Parte 3
Do desenho

Pediste-me um desenho. Decidi-me pelas três caricaturas que te apresentei, cada uma do diâmtetro de um pequeno damasco. Não eram amargas nem doces, tão pouco satifatórias; até o damasco te teria servido melhor: poderias acariciar-lhe a pele, abocanhá-lo com vigor e saboreá-lo como se do acordar numa manhã soalheira se tratasse.

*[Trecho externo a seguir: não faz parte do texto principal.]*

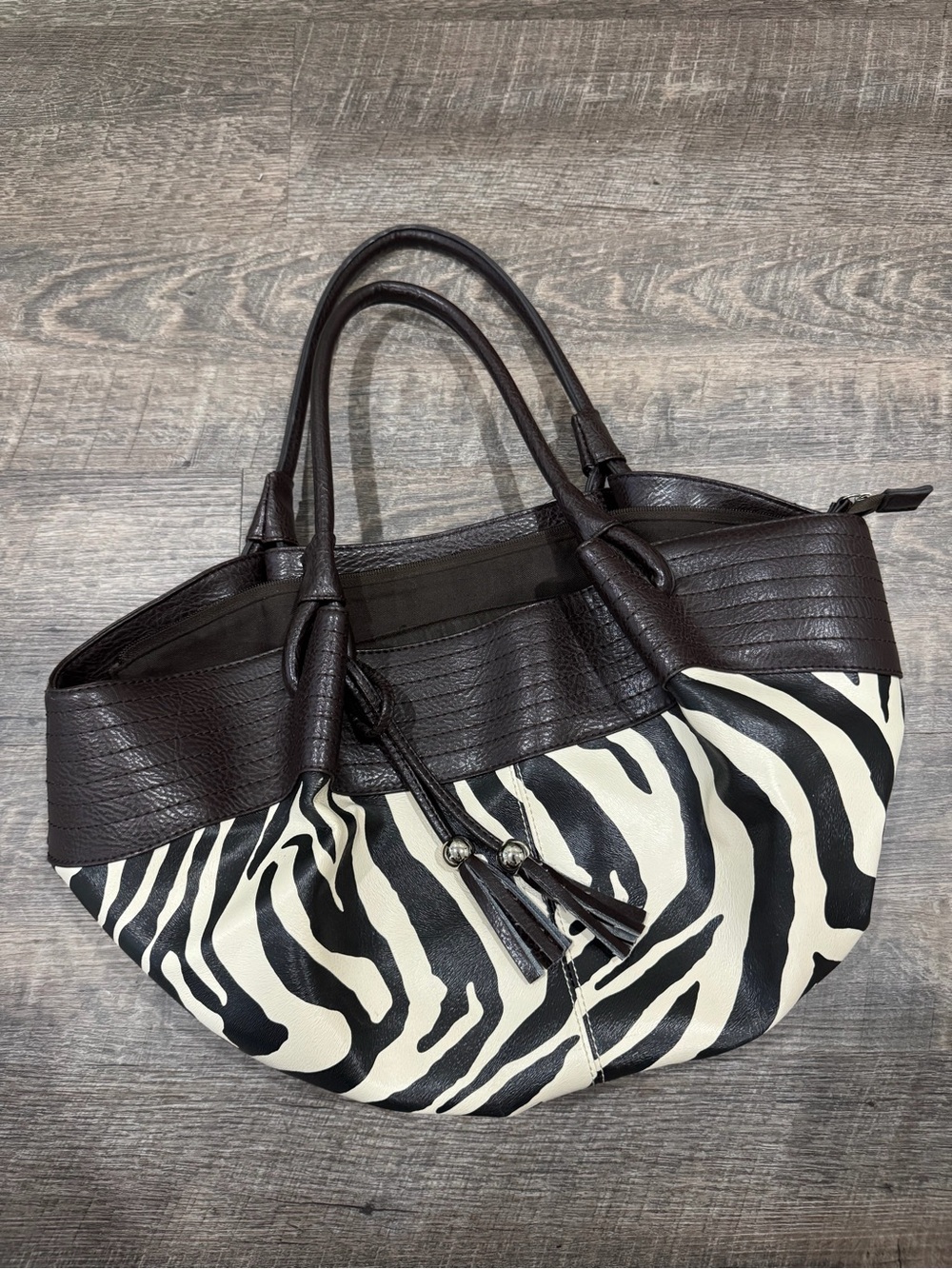 Zebra Print Brown Leather-Look Tote Bag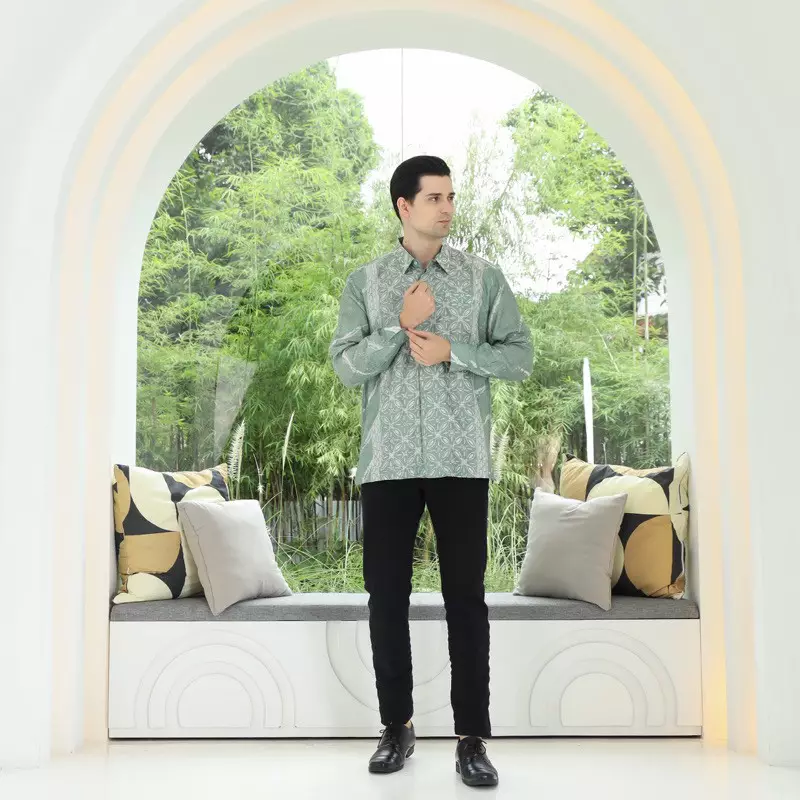 Rinjanie Batik - Kemeja Batik Lengan Panjang - Kemeja Pria - Kemeja Pria Modern - Greentea Series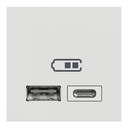 NEW UNICA 2M PRIZA DUBLA INCARCARE USB 2.0 A+C ALB NU301818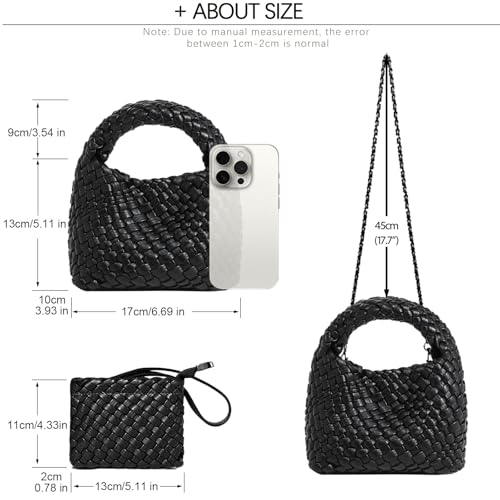 Image of JINMANXUE Fashion Mini Handbag For Women, Woven Tote Bucket Composite Bag Knitting Chain Bags, Crossbody Shoulder Purses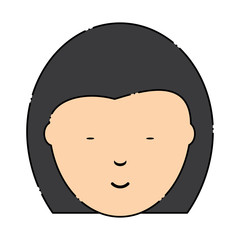 cartoon chinese girl face icon icon over white background, colorful design. vector illustration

No entanto, admiro-te pela sofreguidão com que admiraste a composição disconexa que tracei no bloco que me confiaste. O teu elogio silencioso pesou-me no peito, acalmou-me e fez-me repensar um pouco aquilo que sou - aquilo em que me tornei.
Inacabado, como qualquer outro indivíduo que me rodeia, ainda busque diariamente novas formas de enaltecer a fraca personalidade que me consome. Não a quero, rejeito-a.
Olho-me ao espelho e vejo um pouco de mim no canto do quarto - o meu reflexo, sem dúvida; grita e gesticula, procura não ser agarrado pela inércia e estatismo da cultura de massas da sociedade actual. Afasta-se cada vez mais e deixa bem claro que nada poderei fazer para o recuperar. Abandono o meu próprio reflexo e repenso-me enquanto sombra: um ente negro, obscuro, desinteressante, e recupero a necessidade de aprender, porque sou trabalho inacabado, sou todos excepto aquele que idealizei ser.
Foco o espelho, de novo, redobrando a atenção. Fixo-me num ponto mais próximo: o castanho dos meus olhos, que se aproxima do negro enquanto a luz espelhada se revela num novo mundo que tenciono explorar.